Neave, Schmittou, and other ED members met with the director, manager, and several nurses from the telemetry unit to discuss how the SBAR process could be improved. The ED nurses also observed the unit’s huddles, which helped them better understand what information was most important.

Observing the huddles also helped improve communication and teamwork by bringing people together face to face rather than only knowing each other by phone, Neave says.

The team revised the way they use SBAR to send less information to the unit. A significant amount of detail was removed from the format.

“The prior SBAR had every possible thing that was part of the chart, demographics, and everything you could put in about the patient,” Schmittou says. “They just wanted the basics like diagnosis, medical history, allergies — the most important things they needed to know to take care of the patient immediately.”

The number of rapid response calls for transferred patients dropped off significantly because vital information was not overlooked, Schmittou says.

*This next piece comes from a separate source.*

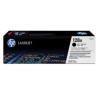 TONER HP 128 NEGRO CM1415/CP1525NW MFP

The change resulted in fewer calls to the ED asking for information on a transferred patient. Usually, that information was in the original, longer SBAR format. But the unit nurses did not have time to search it and find the one thing they needed to know, so they would just call the ED and ask.

“With the shorter version, they didn’t have to try to dig through all the information about their address, their next of kin, where they lived when they were 12 years old, to find out what they’re allergic to and why they’re really here,” Schmittou says. “By providing only what they really needed to know, it improved communication between them and us. We became more of a team.”

Fewer follow-up calls from the unit helped take pressure off the busy ED staff, Neave says.

The nursing team spent a year revising the process, from the initial research through presenting the new format and educating staff on the changes. There also was a delay because the team had to involve the hospital’s IT department to revise programming required for entering SBAR information. The project was supported by the American Association of Critical-Care Nurses.

Everyone Loves Tacos

The project was promoted as “Let’s Taco Bout SBAR”2 to grab people’s attention — and because tacos are such a part of San Antonio culture. The team served tacos at all their meetings, which greatly improved participation.

“Everybody knows SBAR, and when you say you’re going to talk about SBAR, everyone gets this irked feeling because you hear about it so much,” Neave says. “It was a fun way to get people over that first feeling and to be willing to work on the issue.”

In conjunction with the shorter SBAR format, the team also implemented a new process for communicating transfers from the ED to the unit. The ED charge nurse texts the unit charge nurse to say the patient is coming and to watch for the SBAR and provides the transferring nurse’s phone number. The unit charge nurse responds with the name and phone number of the nurse receiving the patient.

“They initially were hesitant to provide the names. There were delays because they didn’t know right away who would be assigned the patient, so there was some pushback there. Even the ED nurses were saying they didn’t want to give people their phone numbers,” Schmittou says. “But then they realized it is much easier if they text you and have that direct line instead of you having to stop and take a phone call. They got over the initial resistance to that.”

Other units heard of the improved process with the telemetry unit and wanted the same experience. The SBAR changes were adopted more widely throughout the hospital. Schmittou and Neave say one of the best results of the initiative is the overall improvement in communication and teamwork between the ED and other hospital units.

“Before this pilot project, the ED and the telemetry unit weren’t exactly the best of friends,” Schmittou notes. “But by solving that problem and working more closely to understand their needs, that unit actually is one that we communicate best with now. It helped solve that little tug of war we had going on.”

REFERENCES

  1. Institute for Healthcare Improvement. SBAR tool: Situation-Background-Assessment-Recommendation.
  2. Kinger N, Neave D, Schmittou D, West C. Let’s Taco Bout SBAR. American Association of Critical-Care Nurses CSI Project.